Birinci hedef, ülkenin Batı sahillerini kontrol altına alarak Yemen halkına karşı insanlık dışı kuşatmanın ağırlaştırılması. El Hadide limanı şimdiye kadar Ensarullah’ın nefes alma borusu olmuştur. Ensarullah yönetimi, kuşatmaya rağmen, ihtiyaçlarını karşılamak için sınırlı bir şekilde denizden yararlanmış ve direnişini sürdürmüştür. Suudiler ve piyonları El Hadide’yi kontrol altına alarak Ensarullah taraftarı halkın besin yolunu kesmeyi ve Muhammed Ali el-Husi ile Mehdi el-Maşşat liderliğindeki yönetimi dize getirmeyi amaçlamaktadırlar.

İkinci hedef; Suudiler ve onlara destek veren güçler El Hadide’yi ele geçirerek Ensarullah yönetimine etnik bir renk vermeyi ve diğer bir etknik grubu –Sünniler – bilfiil Ensarullah’a karşı sahnaye sürmeyi istiyorlar. Bildiğiniz üzere, Yemen’nin 18 eyaletinden 12 eyaleti Ensarullah’ın yönettiği bölgede yer alıyor  ve bu arada Sana, Sa’da, el-Hucce ve İmran eyaletlerinde nufüsün ekseriyetini Zeydiler oluştururken El Hadide ve diğer bölgelerde ise Sünniler –Şafiiler – çoğunluktadır. Ensarullah Şafiilerin müşfik yardımından istifade ederek Suudilerin müşrik koalisyonuna karşı direnmekte ve bu, şu anki savaşın iç savaşa ya da mezhebi savaşa dönüşmesine engel olmuştur. Al-i Suud’un şeytani mantığında, El Hadide’nin Ensarullah’tan koparılması ve sahillerin Fransız, İngiliz, Amerikan, BAE ve Suudi müşrik güçler tarafından kontrol edilmesi sonucunda Ensarullah’ın yönettiği bölgelerdeki halkın daha yoğun baskılara maruz kalması, diğer Sünni eyaletlerde itirazların şekillenmesine yol açarak Yemen savaşını bir mezhebi savaşa dönüştürecektir.

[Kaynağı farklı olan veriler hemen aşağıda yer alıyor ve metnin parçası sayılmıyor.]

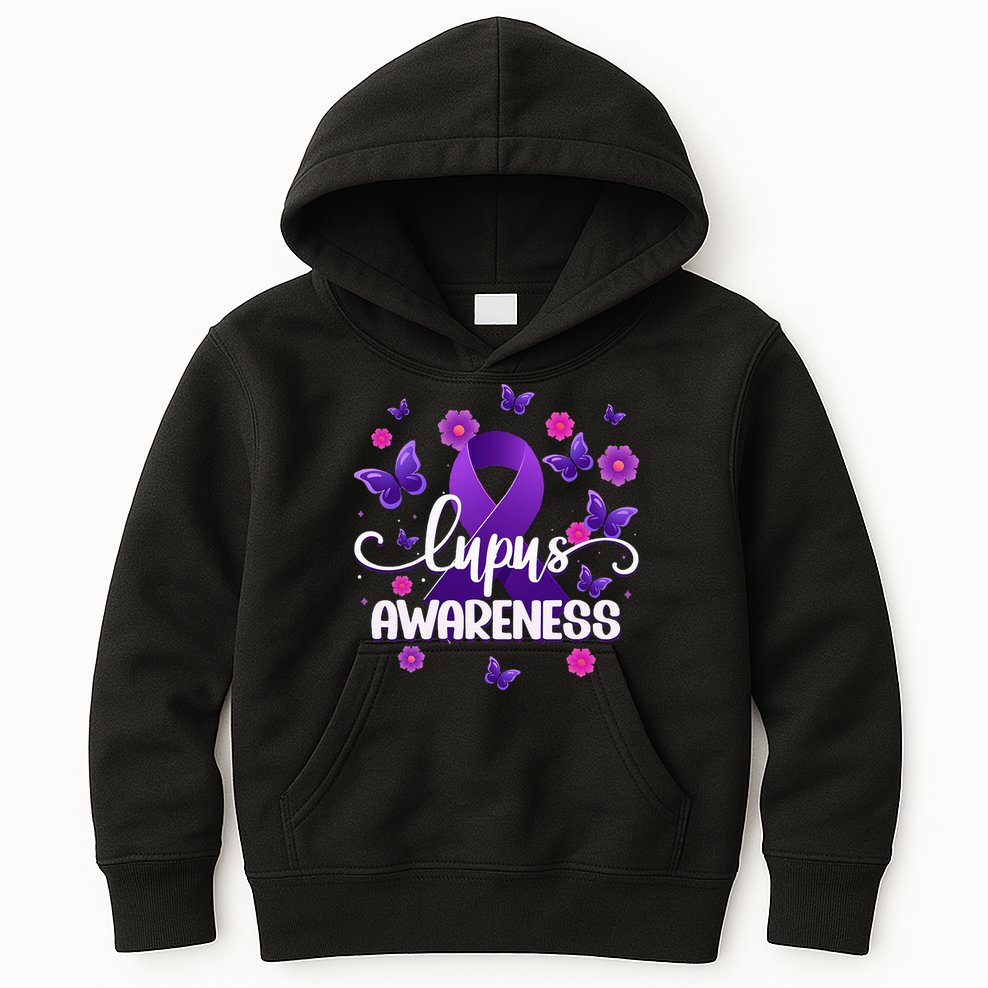Purple Lupus Awareness Ribbon Purple Butterflies Lupus Kids Hoodie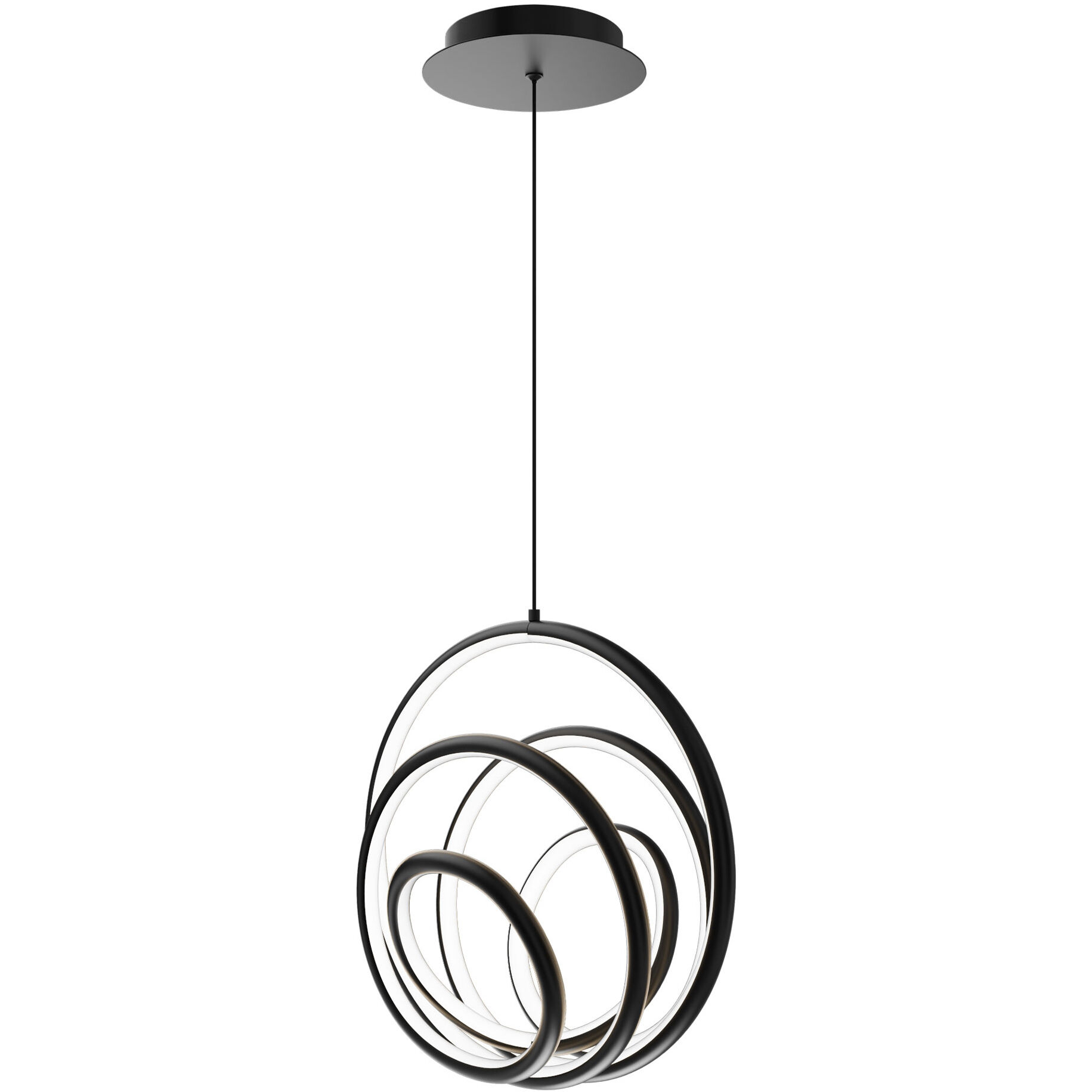 Hoopla LED 7.78 inch Black Pendant Ceiling Light in 2700K, dweLED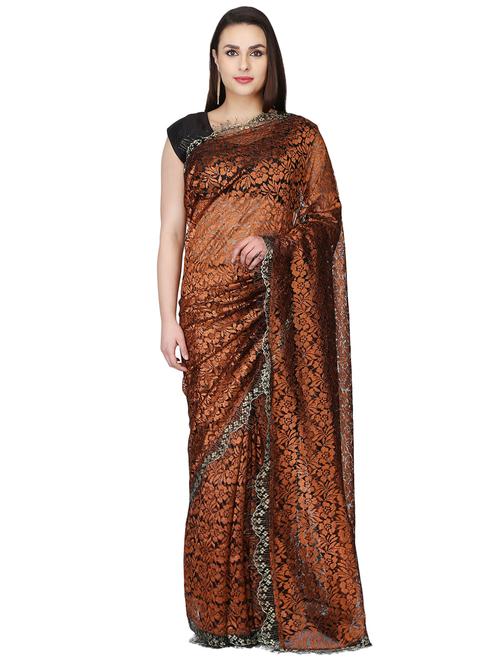 orange floral lace saree - 16054350 - Very Small Image - 1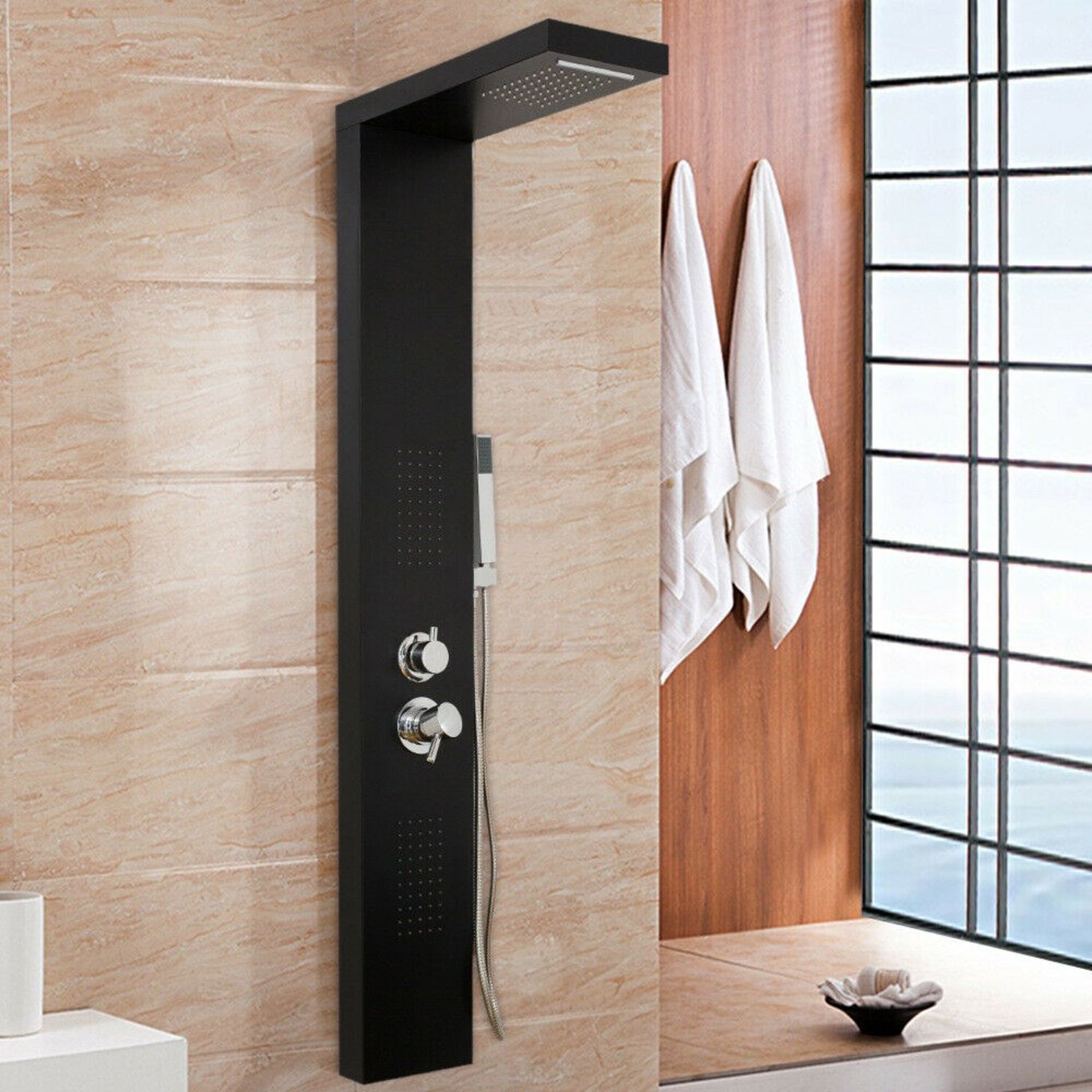 (DE5) Black Square Modern Bathroom Shower Column Tower Panel System With Hand Held & Massage Je...
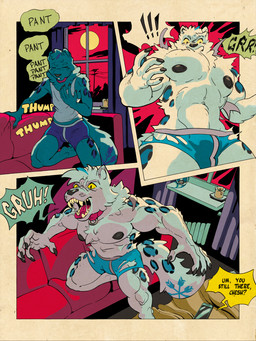 anthro dialogue full_moon growth male moon muscle_growth solo text transformation gimmemysmokes mythology canid canine felid mammal mythological_canine mythological_creature pantherine snow_leopard werecanid werecanine werecreature werewolf 3:4 comic english_text hi_res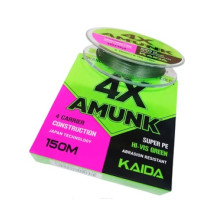 Шнур "KAIDA  AMUNK X4 " (зелений) 150м  0,16мм/8.2кг (X493-16)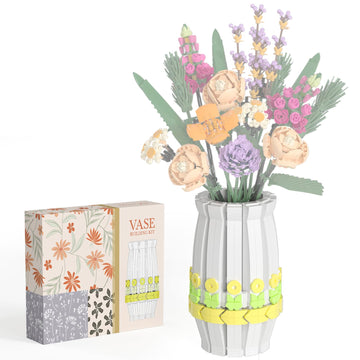 Flower Vase For Lego Bouquet, White Vase Building Set For Lego Roses Sunflowers Wildflower Daffodils Lotus Cherry Blossoms, For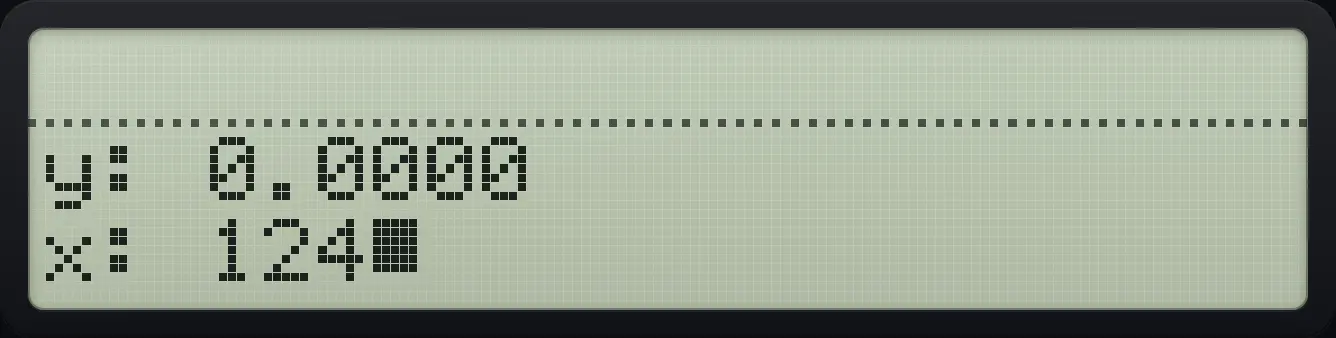 Result of the example "Fix a typing mistake" The display shows: y: 0.0000 / x: 124_.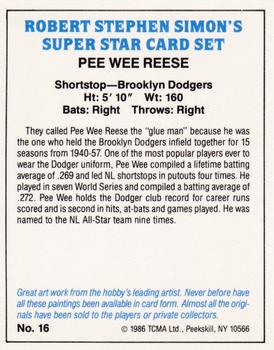 1986 TCMA Simon's Super Stars #16 Pee Wee Reese Back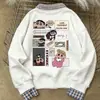 Sudadera de retazos con estampado de dibujos animados lindos y cuadros contrastantes, estilo falso dos piezas, para mujer, Otoño e Invierno 2025, top holgado con cuello polo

Üçüncü hedef, Suudilerin Ehli Sünneti Ensarullah’la çatıştırmasıdır. Şöyle ki, Suudilerin El hadide eyaletini kontrol altına aldıktan sonra Ensarullah’ın zayıfladığını ve dönemlerinin sonuna doğru geldiğini gören Sünni eyaletlerdeki halk, Ensarullah’la çatışacak ve kontrol ettiği eyatleri elinden çıkaracaklardır.

Dördüncü hedef; El Hadide eyaletinin ele geçirilmesiyle birlikte Ensarullah’ın konumu zayıflatmak ve Suudilerin şartlarını kabul etme ve tutumlarından geri adım atma mecburiyetinde bırakmaktır. Özetleyecek olursak, Suudiler cinayet işlemede deneyimli olmakla birlikte El Hadide eyaletinin merkezini ve ilçelerini –bir iki istisna dışında – hala ele geçirebilmiş değiller. Son haftalarda ise Ensarullah güçleri ile Sünniler arasında ve diğer yerlerde çatışmaya dair bir belirti müşahade edilmemiştir ancak bununla birlikte Suudilerin başarıya ulaşmamaları uzak bir ihtimal olarak görünmüyor.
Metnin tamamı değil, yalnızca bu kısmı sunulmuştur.